Enercal a fait ses comptes. La société d'économie mixte, dont la Nouvelle-Calédonie est l'actionnaire majoritaire depuis 2008, l’annonçait fin octobre : elle sera en cessation de paiement d’ici la fin de l’année si aucune mesure visant à compenser son déficit n'est prise. "Le prix du charbon a été multiplié par presque cinq, et la crise en Ukraine a également des conséquences qui nous sont défavorables sur le taux de change", a indiqué à l'AFP son directeur général, Jean-Gabriel Faget. "Or, toutes les projections nous montrent que la situation ne va pas s’arranger avant au moins trois ans."
Conséquences de la guerre russo-ukrainienne
Selon Enercal, les conséquences de la guerre en Ukraine devraient entraîner un déficit supplémentaire, d'environ cinq milliards CFP, pour l'année 2022. Un chiffre conséquent qui s'ajoute au déficit global de l'entreprise, de neuf milliards CFP. Un vrai casse-tête pour le gouvernement calédonien, déjà contraint de voter en début d’année une augmentation de 11% du tarif public, gelé depuis 2012. Un gel jamais compensé jusque-là par les pouvoirs publics auprès d'Enercal. Pour faire face au surcoût, il faudrait "augmenter à nouveau le tarif public, d’environ 20 %", selon les estimations de l'entreprise.
"Solidarité nationale"
Une situation "inenvisageable", estime Christopher Gygès, membre du gouvernement en charge de la transition énergétique, qui entend plutôt "solliciter l’État au titre de la solidarité nationale". La Nouvelle-Calédonie ne bénéficie pas du système de compensation qui permet au consommateur des départements d’Outre-mer de payer le même prix de l’électricité que dans l’Hexagone, malgré les surcoûts liés à l’insularité.

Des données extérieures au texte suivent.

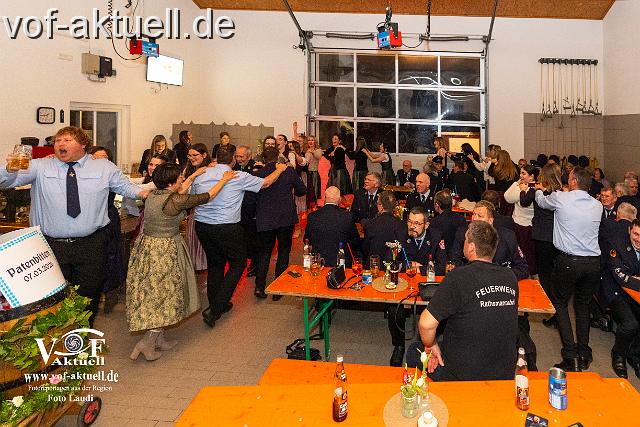 Foto Laudi_patenvereinbitten-222.jpg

"Dépendance aux énergies fossiles"
Sur le moyen et long terme, le gouvernement mise "sur les énergies renouvelables pour sortir de la dépendance aux énergies fossiles", indique Christopher Gygès. La Calédonie s’est dotée, pour la période 2016-2022, d'un ambitieux schéma de transition énergétique qui a permis de faire passer la part des énergies renouvelables dans la production d’électricité de 10 à 23 %. Le pays compte désormais 39 fermes photovoltaïques, produisant 178 Mégawatt/heure (MWh). 25 nouveaux sites de production devraient sortir de terre entre 2023 et 2025. "L’objectif, c’est que l’équivalent de la consommation publique, c'est-à-dire hors secteur métallurgique, soit produit à partir d'énergies renouvelables d’ici à 2030", ajoute Christopher Gygès.
Appliqué au nickel ?
La mise à jour de ce schéma pourrait être appliquée au nickel, dont les trois usines font du Caillou un endroit extrêmement industrialisé, au regard de ses 270 000 habitants. Quelque 75 % de l’électricité produite est d’ailleurs consommée par la métallurgie. Le nouveau texte prévoit donc de porter à 50% la part du renouvelable dans l’alimentation électrique du secteur.
De l'énergie à stocker
Reste l’épineuse question du stockage de l’énergie produite, dans des batteries de lithium-ion. "Aujourd’hui, le stockage sur batterie lithium-ion, c’est une solution qui est extrêmement chère. Le kilowatt/heure qui rentre dans une batterie, à la sortie son prix est multiplié par trois", souligne Jean-Gabriel Faget. Le gouvernement entend développer des stations de transfert d'énergie par pompage. Celles-ci fonctionnent en pompant de l'eau avec l'énergie photovoltaïque le jour, puis utilisent cette eau pour faire tourner les turbines la nuit, et produire de l'électricité. Une alternative plus économique, mais nécessitant des investissements importants: pas loin de 72 milliards CFP pour deux unités, capables de stocker 300 mégawatts.
Somme colossale
Au total, environ 287 milliards CFP d’investissement sont prévus pour le développement des énergies renouvelables. Une somme colossale qui fait débat : présentée aux élus du Congrès de la Nouvelle-Calédonie, son examen a été reporté par la majorité indépendantiste. Elle a estimé ne pas avoir de visibilité suffisante sur la capacité du territoire à soutenir ces investissements.